What you need to do:
Every line of the data below that holds the string "online" needs to be reported.

Dataset excerpts:
┄┄┄┄┄┄┄┄┄┄┄┄┄┄┄┄┄┄┄┄
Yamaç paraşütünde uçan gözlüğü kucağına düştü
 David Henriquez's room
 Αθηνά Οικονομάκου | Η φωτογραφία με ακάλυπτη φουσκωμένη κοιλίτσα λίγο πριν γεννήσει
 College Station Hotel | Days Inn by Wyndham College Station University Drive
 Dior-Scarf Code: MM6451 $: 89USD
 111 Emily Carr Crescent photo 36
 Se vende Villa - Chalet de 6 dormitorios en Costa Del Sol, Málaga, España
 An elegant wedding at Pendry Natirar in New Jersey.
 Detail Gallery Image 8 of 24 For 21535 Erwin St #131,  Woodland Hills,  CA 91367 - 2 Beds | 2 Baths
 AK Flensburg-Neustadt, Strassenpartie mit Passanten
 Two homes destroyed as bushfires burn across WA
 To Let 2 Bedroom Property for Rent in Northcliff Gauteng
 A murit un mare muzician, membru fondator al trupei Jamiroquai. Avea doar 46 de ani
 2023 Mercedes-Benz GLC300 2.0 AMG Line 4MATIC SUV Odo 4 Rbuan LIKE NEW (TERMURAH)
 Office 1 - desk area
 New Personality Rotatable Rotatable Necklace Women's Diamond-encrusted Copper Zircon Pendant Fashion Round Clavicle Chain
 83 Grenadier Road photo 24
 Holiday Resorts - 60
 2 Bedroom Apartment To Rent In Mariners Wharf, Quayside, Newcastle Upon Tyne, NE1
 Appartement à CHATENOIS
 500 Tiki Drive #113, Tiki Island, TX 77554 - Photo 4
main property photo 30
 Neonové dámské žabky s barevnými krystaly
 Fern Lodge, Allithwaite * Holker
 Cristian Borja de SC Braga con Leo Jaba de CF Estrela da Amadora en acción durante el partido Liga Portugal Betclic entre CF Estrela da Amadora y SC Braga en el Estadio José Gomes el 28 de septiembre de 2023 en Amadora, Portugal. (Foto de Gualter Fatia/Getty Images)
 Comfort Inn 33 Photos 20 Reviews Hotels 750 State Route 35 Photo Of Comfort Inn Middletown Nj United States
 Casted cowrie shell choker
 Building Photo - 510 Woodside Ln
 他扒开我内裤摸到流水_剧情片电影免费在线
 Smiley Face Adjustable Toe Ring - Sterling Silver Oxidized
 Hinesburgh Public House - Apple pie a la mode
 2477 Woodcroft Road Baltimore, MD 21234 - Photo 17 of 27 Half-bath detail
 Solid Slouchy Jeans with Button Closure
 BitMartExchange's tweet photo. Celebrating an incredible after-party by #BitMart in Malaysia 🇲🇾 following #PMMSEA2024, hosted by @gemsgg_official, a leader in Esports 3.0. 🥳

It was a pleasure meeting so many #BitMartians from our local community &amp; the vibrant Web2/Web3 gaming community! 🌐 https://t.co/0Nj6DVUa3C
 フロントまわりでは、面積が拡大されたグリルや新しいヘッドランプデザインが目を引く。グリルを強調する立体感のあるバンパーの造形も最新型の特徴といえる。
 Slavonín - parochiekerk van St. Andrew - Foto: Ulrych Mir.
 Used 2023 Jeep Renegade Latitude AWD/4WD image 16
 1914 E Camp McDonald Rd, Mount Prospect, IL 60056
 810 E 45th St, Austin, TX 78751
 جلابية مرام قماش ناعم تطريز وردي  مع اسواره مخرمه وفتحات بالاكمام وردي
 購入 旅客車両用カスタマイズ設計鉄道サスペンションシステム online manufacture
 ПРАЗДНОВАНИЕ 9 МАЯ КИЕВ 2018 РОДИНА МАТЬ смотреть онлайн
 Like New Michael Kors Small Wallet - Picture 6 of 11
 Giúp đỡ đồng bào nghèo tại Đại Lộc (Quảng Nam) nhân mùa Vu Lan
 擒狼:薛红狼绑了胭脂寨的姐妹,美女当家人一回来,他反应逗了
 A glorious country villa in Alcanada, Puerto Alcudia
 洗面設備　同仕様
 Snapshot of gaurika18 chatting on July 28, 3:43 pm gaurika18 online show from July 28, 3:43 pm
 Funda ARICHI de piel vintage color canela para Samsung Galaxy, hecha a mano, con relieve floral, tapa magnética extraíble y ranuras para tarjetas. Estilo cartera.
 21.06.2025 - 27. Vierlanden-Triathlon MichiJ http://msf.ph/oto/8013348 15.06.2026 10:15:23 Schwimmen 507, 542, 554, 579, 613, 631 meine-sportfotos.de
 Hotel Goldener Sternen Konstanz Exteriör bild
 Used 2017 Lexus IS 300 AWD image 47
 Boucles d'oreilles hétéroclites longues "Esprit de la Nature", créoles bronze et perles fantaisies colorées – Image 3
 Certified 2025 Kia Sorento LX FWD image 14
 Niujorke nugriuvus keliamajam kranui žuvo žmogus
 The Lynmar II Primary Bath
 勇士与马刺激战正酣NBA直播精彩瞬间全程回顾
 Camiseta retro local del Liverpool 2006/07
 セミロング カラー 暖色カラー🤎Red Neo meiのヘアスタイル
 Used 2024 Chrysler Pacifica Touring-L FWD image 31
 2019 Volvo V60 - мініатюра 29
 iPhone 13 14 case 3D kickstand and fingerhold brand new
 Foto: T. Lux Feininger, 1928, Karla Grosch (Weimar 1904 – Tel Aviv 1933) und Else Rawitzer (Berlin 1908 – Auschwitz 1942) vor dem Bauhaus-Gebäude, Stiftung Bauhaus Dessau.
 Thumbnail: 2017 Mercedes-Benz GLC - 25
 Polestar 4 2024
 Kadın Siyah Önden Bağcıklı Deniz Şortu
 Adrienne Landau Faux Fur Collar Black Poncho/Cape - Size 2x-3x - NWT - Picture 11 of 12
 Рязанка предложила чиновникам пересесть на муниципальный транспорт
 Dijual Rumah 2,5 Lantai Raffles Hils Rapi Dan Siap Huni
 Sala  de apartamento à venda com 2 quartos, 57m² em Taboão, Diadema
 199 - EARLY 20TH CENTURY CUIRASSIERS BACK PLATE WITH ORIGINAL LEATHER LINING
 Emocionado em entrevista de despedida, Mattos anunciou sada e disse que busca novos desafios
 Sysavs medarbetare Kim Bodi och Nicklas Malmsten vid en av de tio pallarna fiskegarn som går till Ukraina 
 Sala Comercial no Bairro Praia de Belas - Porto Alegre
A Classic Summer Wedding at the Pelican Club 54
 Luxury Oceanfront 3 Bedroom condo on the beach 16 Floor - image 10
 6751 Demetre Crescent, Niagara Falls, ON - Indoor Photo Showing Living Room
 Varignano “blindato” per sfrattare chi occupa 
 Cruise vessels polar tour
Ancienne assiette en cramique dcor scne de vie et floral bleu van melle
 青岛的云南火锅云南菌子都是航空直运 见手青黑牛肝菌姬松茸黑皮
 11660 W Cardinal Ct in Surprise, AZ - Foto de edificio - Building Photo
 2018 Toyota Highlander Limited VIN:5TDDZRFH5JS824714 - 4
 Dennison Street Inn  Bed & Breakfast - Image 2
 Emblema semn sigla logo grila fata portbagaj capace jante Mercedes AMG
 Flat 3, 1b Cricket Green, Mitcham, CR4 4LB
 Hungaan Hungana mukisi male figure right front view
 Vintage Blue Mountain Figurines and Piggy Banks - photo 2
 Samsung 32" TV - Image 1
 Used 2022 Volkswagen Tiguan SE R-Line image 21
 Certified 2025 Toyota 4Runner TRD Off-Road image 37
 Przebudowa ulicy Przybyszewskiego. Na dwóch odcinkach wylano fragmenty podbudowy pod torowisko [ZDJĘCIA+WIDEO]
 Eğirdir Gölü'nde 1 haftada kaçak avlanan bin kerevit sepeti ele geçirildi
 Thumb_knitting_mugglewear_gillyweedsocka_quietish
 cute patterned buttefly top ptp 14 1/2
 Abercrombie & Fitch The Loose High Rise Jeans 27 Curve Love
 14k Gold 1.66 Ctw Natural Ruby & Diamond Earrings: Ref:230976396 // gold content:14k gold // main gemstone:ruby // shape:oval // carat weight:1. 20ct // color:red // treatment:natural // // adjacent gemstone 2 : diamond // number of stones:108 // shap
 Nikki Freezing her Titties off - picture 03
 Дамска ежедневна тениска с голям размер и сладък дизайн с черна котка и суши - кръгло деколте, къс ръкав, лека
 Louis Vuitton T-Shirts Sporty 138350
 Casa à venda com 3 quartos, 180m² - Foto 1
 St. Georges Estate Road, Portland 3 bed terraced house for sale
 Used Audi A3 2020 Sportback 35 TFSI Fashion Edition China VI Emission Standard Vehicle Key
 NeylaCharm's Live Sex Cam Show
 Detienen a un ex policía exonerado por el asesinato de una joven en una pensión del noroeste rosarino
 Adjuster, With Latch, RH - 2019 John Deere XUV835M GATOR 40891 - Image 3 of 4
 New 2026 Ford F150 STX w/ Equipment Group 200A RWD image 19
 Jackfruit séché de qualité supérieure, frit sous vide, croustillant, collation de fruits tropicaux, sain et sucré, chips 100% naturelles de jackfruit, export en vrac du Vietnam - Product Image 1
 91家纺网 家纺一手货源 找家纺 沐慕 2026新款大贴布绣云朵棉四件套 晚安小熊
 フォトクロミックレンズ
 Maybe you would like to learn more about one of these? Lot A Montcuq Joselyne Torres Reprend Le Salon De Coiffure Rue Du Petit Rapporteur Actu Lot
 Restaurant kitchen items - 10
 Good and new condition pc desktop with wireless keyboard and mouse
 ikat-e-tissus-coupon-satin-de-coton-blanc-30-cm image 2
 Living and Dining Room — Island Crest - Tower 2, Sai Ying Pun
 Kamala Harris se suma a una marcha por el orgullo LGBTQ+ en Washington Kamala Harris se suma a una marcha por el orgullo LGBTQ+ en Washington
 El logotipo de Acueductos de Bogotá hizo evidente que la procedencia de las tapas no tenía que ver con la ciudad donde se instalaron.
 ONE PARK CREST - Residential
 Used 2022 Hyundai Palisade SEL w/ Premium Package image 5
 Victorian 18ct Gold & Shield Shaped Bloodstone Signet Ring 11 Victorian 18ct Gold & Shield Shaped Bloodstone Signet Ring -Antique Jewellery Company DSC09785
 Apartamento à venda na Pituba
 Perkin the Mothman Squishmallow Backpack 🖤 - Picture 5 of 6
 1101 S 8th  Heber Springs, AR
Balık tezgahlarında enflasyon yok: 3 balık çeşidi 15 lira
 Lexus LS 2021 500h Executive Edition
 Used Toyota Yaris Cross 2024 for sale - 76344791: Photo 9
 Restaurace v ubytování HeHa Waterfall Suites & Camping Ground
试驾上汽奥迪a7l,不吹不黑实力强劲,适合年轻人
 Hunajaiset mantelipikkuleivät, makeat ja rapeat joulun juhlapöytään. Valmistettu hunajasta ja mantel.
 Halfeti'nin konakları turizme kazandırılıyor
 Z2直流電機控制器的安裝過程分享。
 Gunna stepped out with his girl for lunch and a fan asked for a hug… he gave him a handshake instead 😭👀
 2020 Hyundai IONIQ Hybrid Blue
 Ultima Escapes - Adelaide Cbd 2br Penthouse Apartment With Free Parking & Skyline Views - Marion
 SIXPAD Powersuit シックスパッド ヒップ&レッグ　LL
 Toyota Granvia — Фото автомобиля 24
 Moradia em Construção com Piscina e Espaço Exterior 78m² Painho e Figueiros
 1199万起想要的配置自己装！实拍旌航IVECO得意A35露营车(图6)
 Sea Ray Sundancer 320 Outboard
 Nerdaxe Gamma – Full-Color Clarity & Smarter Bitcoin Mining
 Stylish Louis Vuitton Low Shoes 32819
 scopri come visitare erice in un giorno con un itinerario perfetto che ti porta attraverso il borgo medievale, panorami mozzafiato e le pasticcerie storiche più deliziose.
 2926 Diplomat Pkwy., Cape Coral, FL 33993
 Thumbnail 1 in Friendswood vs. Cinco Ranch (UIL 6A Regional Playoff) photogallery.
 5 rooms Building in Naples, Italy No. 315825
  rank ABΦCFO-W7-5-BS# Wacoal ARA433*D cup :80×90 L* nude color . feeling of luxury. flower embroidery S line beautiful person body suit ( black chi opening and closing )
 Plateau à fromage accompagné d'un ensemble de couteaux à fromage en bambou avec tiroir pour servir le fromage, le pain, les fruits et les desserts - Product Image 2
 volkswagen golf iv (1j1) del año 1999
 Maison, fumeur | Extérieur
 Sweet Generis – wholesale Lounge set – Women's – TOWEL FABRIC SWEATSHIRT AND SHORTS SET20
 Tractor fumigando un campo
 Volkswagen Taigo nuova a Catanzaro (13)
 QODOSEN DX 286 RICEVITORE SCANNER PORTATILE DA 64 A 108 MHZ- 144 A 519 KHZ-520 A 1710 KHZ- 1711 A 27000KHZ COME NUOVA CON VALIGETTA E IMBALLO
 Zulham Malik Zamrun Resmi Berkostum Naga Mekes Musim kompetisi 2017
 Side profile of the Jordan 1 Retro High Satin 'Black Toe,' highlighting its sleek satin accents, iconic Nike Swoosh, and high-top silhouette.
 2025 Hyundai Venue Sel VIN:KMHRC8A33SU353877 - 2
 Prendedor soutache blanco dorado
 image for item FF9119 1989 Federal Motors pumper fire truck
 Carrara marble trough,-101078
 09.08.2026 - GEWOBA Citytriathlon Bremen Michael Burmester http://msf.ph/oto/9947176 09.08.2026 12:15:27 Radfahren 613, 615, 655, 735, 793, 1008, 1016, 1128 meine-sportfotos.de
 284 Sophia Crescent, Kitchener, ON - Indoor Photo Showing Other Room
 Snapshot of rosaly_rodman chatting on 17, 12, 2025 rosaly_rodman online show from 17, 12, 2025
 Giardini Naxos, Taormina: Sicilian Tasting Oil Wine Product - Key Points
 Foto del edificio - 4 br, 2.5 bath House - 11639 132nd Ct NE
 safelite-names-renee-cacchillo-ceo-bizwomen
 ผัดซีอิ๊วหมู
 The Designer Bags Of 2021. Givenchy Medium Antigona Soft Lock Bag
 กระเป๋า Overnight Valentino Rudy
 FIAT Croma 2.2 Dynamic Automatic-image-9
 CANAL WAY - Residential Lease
┄┄┄┄┄┄┄┄┄┄┄┄┄┄┄┄┄┄┄┄
Answer section:
 購入 旅客車両用カスタマイズ設計鉄道サスペンションシステム online manufacture
 Snapshot of gaurika18 chatting on July 28, 3:43 pm gaurika18 online show from July 28, 3:43 pm
 Snapshot of rosaly_rodman chatting on 17, 12, 2025 rosaly_rodman online show from 17, 12, 2025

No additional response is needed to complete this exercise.